• **DESCRIPTION OF THE TASK**
The material below holds the lines to copy: from the one with "中国式现代化，每个人都是主角" up to and including the one with "全16type【スカート シャツ】制服 学生服". Copy them exactly and skip the pictures.

── EXERCISE DATA

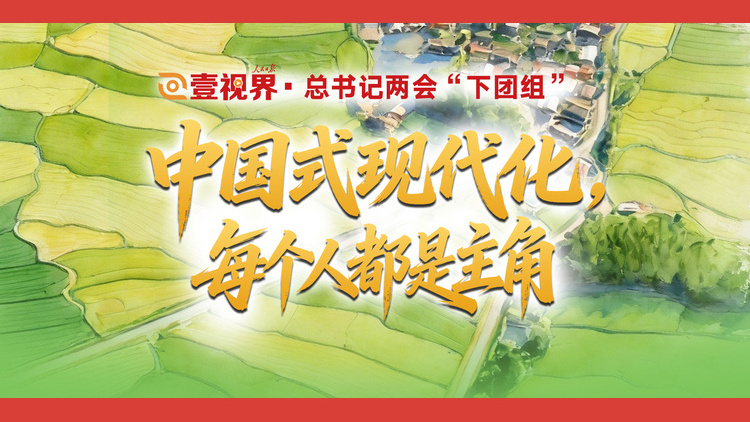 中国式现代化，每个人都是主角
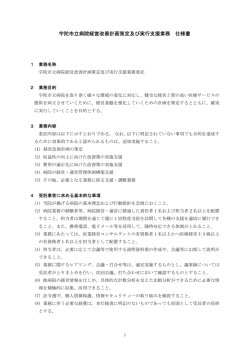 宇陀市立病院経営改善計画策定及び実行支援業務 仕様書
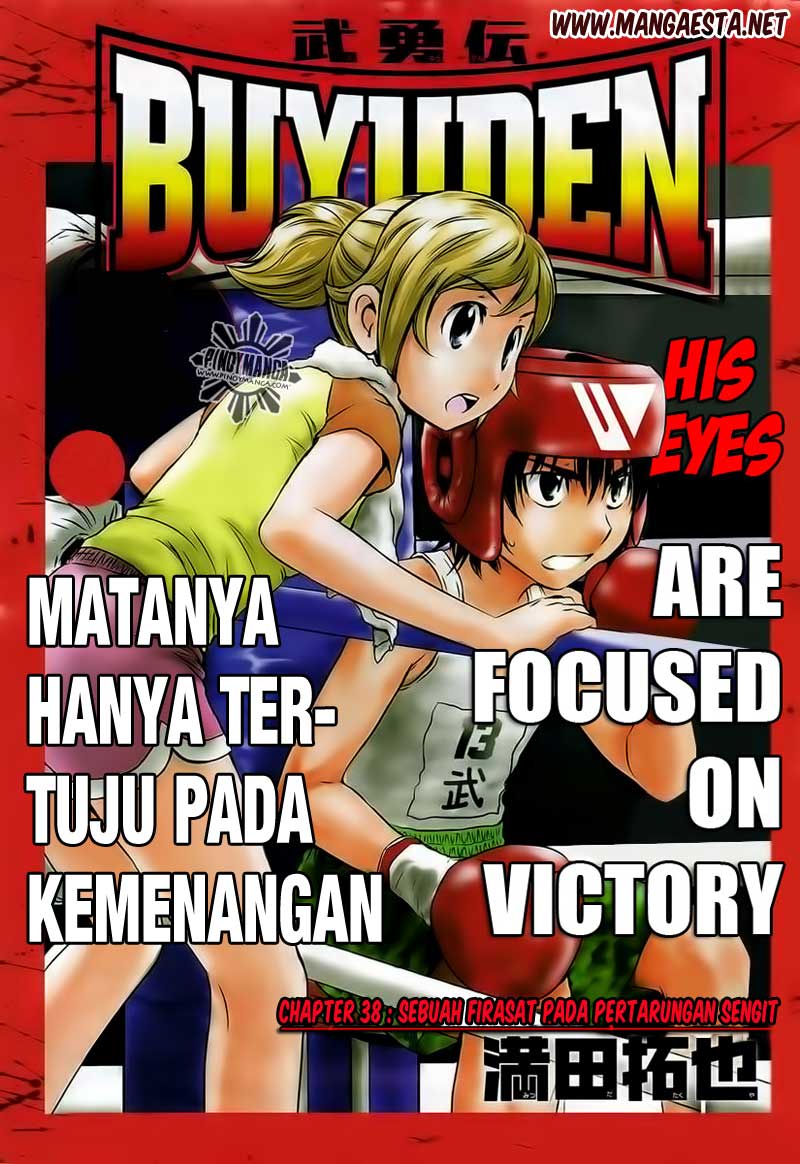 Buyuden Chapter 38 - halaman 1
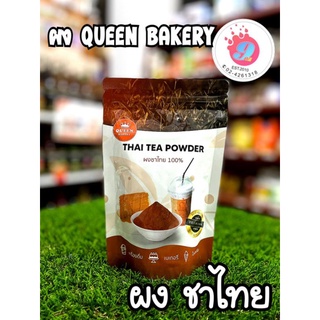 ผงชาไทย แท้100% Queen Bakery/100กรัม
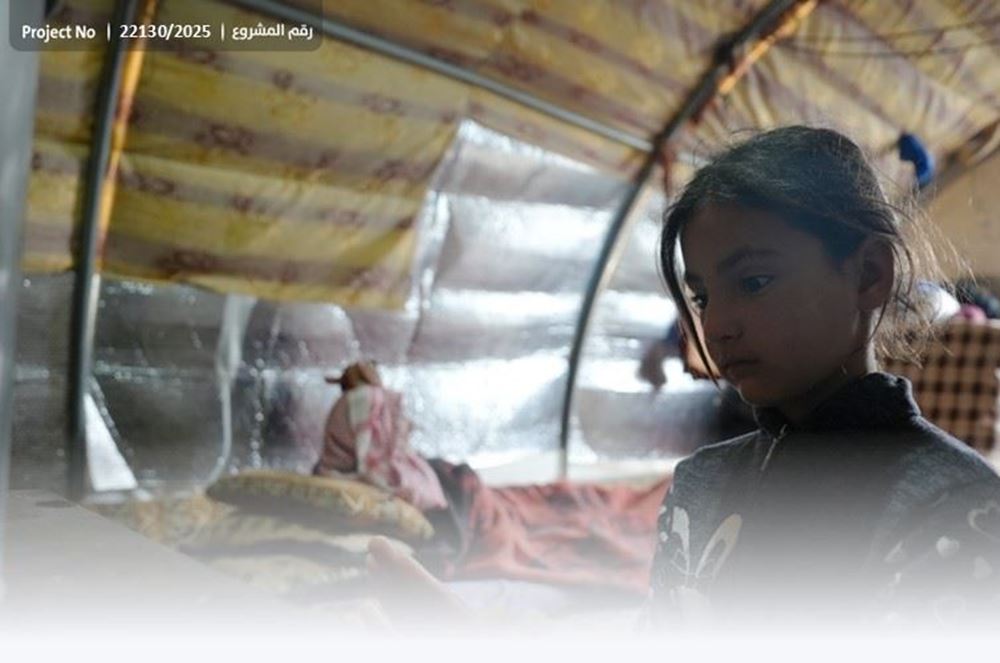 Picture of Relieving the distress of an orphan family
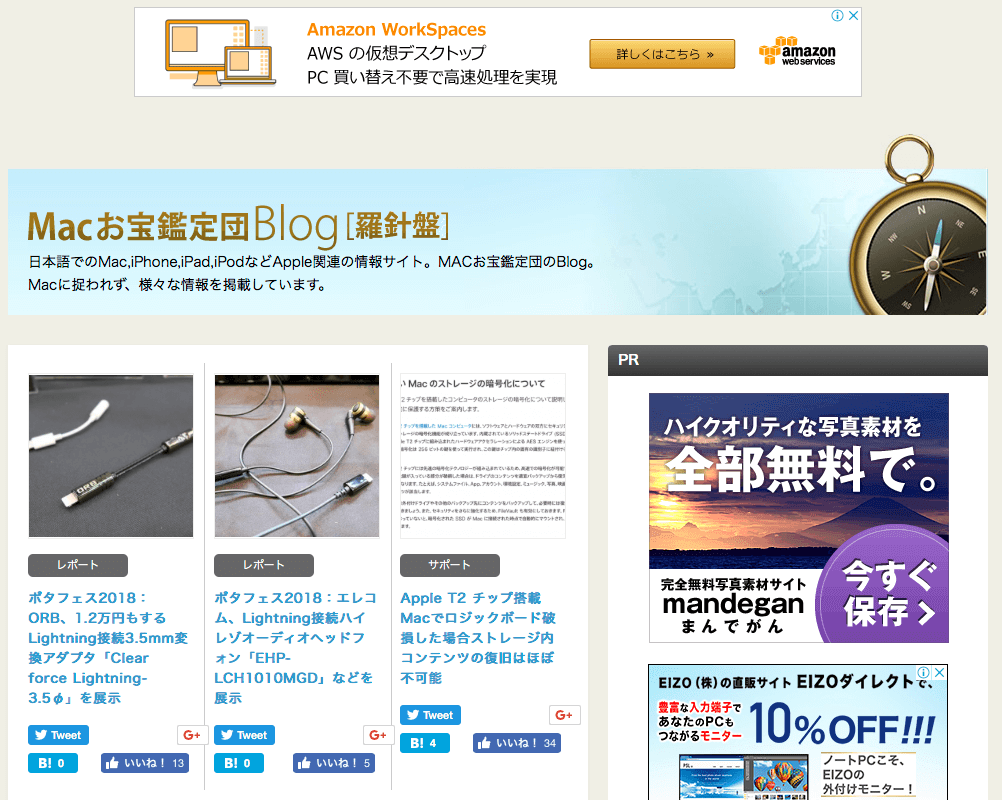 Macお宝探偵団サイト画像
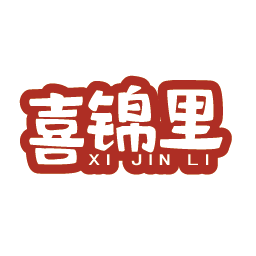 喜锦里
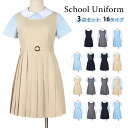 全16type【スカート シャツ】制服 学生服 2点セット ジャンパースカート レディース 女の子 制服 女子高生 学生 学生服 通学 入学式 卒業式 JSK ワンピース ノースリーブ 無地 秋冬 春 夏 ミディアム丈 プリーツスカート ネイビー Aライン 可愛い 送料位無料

────
── EXERCISE DATA

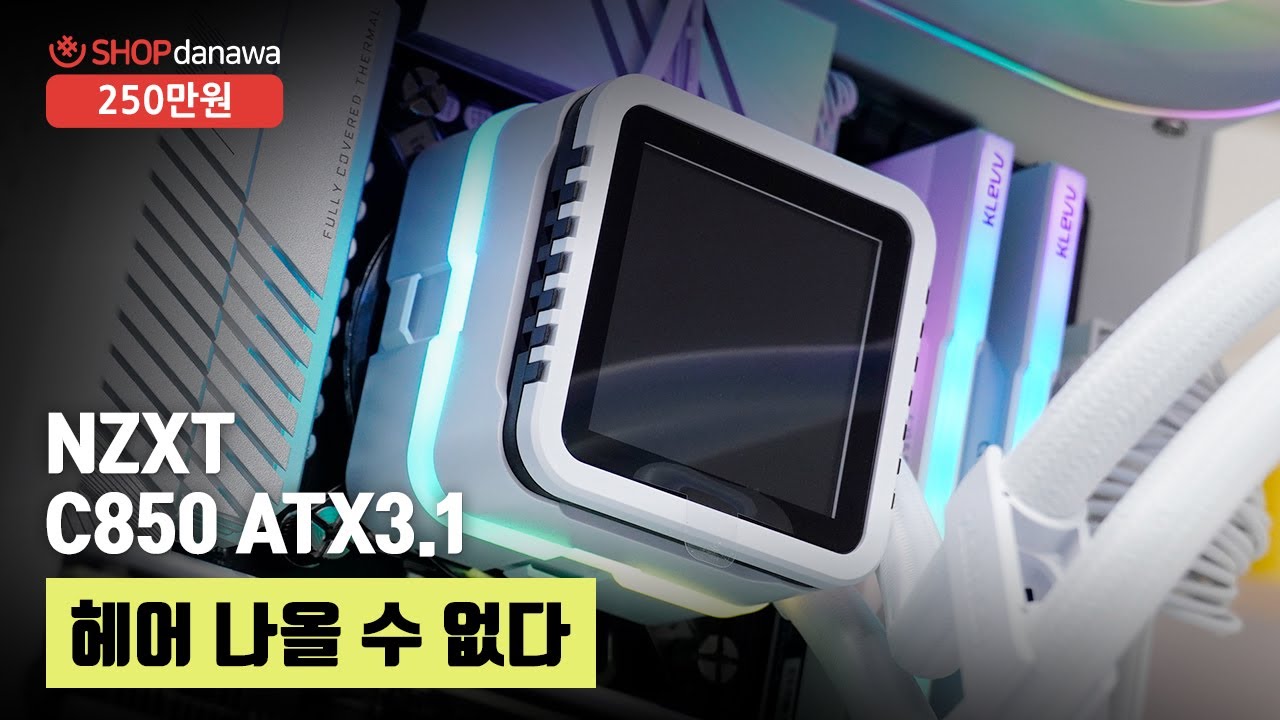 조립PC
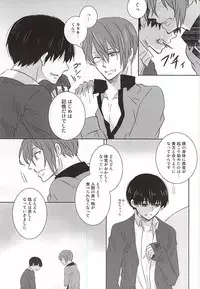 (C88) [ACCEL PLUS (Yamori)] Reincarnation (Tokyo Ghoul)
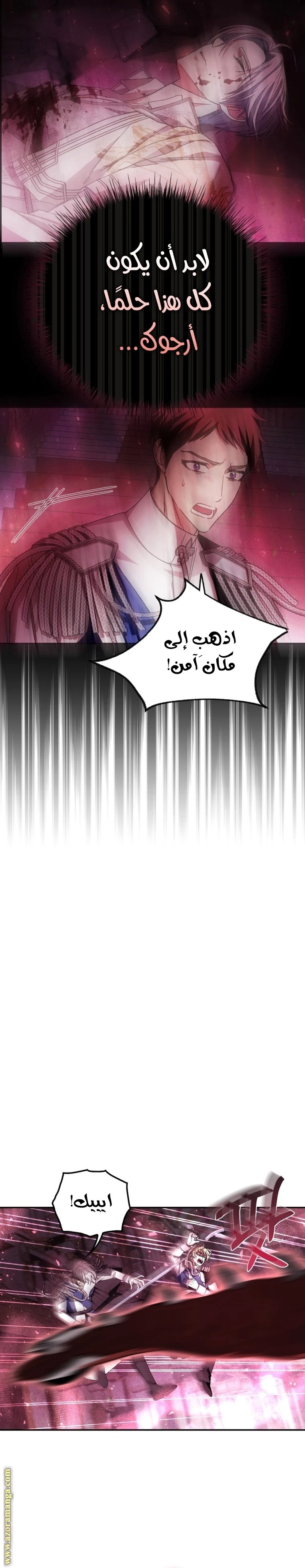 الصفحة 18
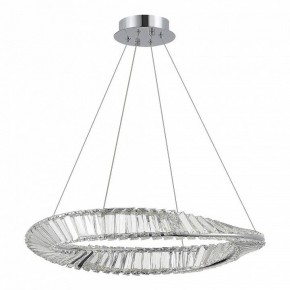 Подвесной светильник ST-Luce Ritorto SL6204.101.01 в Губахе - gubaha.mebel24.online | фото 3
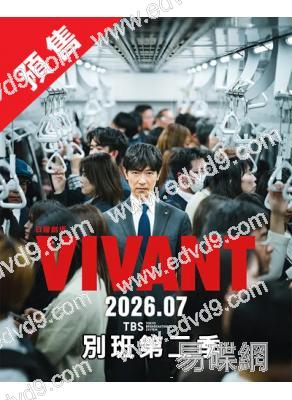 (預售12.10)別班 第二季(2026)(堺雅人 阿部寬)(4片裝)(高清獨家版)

────

• **SOLVED EXERCISE**
 中国式现代化，每个人都是主角
 宇陀市立病院経営改善計画策定及び実行支援業務 仕様書
 Buyuden Chapter 38 - halaman 1
 ผงชาไทย แท้100% Queen Bakery/100กรัม
 Picture of Relieving the distress of an orphan family
 Macお宝探偵団サイト画像
 喜锦里
 全16type【スカート シャツ】制服 学生服 2点セット ジャンパースカート レディース 女の子 制服 女子高生 学生 学生服 通学 入学式 卒業式 JSK ワンピース ノースリーブ 無地 秋冬 春 夏 ミディアム丈 プリーツスカート ネイビー Aライン 可愛い 送料位無料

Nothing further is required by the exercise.